Samuel, ao contrário da
irmã que já nasceu atenta para o mundo, demorou uma semana para
resolver abrir os olhos. Quando finalmente o fez, lançou um olhar de
descaso para as novidades que o cercavam. Frequentemente nos olhava
de cenho franzido, com ar repreendedor, peculiar de um senhor que já
não tem mais paciência com a humanidade ignorante.
Parece ter nascido
pós-graduado em questão de vida. Passou pelas várias etapas do
primeiro ano com proficiência. Aprendeu a mamar sem dificuldades,
tomou as vacinas sem chorar e aceitou as consultas pediátricas com
familiaridade. Passou a dormir do carrinho para o berço sem
estranhamentos e do quarto dos pais para a solidão de seu recanto
com segurança. Pegou hábito pela chupeta com a mesma facilidade com
que o abandonou. Resolveu, porque assim o quis, parar de mamar e
aceitou a mamadeira como se fosse uma velha conhecida. Não
desenvolveu alergias e teve muito gosto em provar todos os sabores
que chegaram ao seu alcance. Na primeira vez que foi tomar um
suquinho de frutas, motamos um arsenal de câmeras e máquinas
fotográficas a sua volta para registrar suas caretas. Mas, que nada.
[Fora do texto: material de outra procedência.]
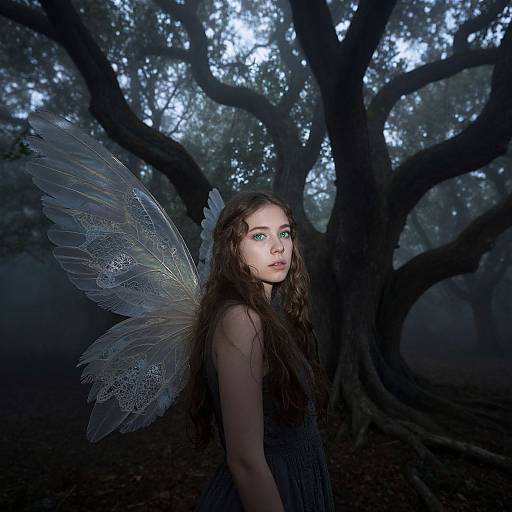 Photograph of a pale-skinned fairy with long brown hair, green eyes, and translucent, patterned wings, standing in a dark, misty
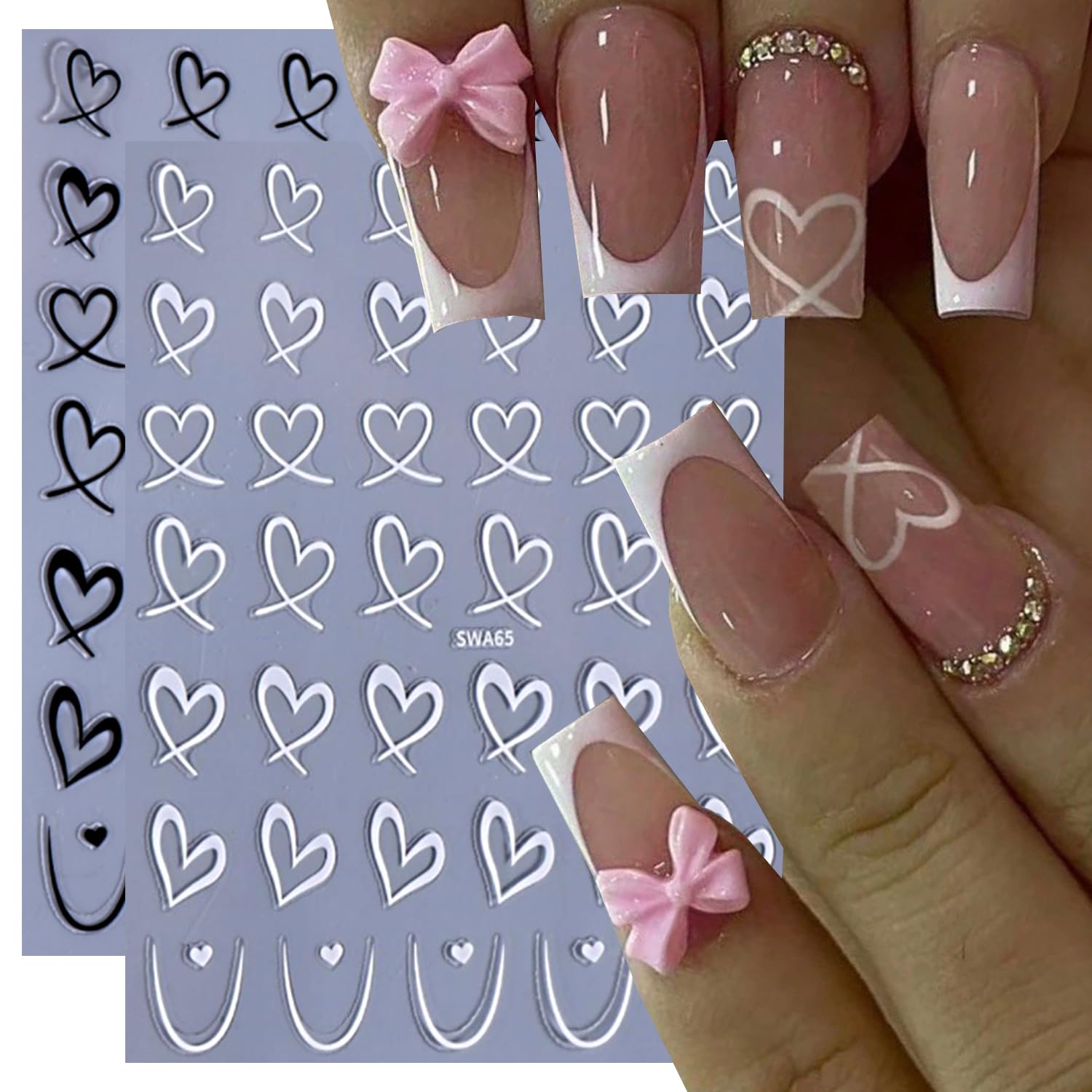 Pink and red hollow heart nail sticker designs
Virou uma mamadeira inteira sem pausa para recuperar o fôlego e
assim foi com todos os alimentos que o oferecemos. Passamos da
papinha batida para a papinha amassada e, depois, para a papinha em
pedaços sem que ele parecesse perceber. Mesmo de barriga cheia ele
vinha engatinhando até a mesa e, apoiado nos meus joelhos, exigia
participar da ceia de gente grande. No dia em que resolvemos
apresentá-lo ao canudinho, ele instantaneamente tomou um copão de
laranjada enquanto nós, bobos, fazíamos biquinho para ensiná-lo a
sucção. No olhar a mesma expressão de sempre dizia: “até que
enfim”. E assim tive a sensação de estar sempre correndo atrás
do seu desenvolvimento, disparado na minha frente.
Por essas e outras
cheguei a duvidar que ele se apegaria a qualquer brinquedinho que
fosse. Afinal, tais apegos funcionam como defesas às angústias da
separação materna e Samuel sempre nos pareceu muito confortável
com minhas ausências. Ainda assim, elegi, eu mesma, um macaquinho de
tecido atoalhado para ser seu objeto transicional. Todos os dias
colocava o bichinho no berço ou no carrinho de passeio. Ainda que
ele estivesse dormindo, eu forjava abraços pousando sua mãozinha
sobre o macaco, impondo um estreitamento de laços que jamais
ocorreu.
De uns meses para cá,
porém, Samuel passou a procurar pelas fraldinhas - lindamente bordadas por mãos sul mato grossenses - espalhadas pela casa para socorrer qualquer
emergência desde o seu nascimento. Quando as alcança abraça-as com
amor e as esfrega no rosto com energia. Quando o sono começa a
chegar já me antecipo oferecendo-lhe o paninho que ele recebe com
expressão de alívio. Ao reconhecer as tramas espaçadas da fralda
amiga, suas pálpebras relaxam sobre os olhinhos cansados. E eu fico
feliz da vida de me saber, enfim, identificada em toques delicados de algodão.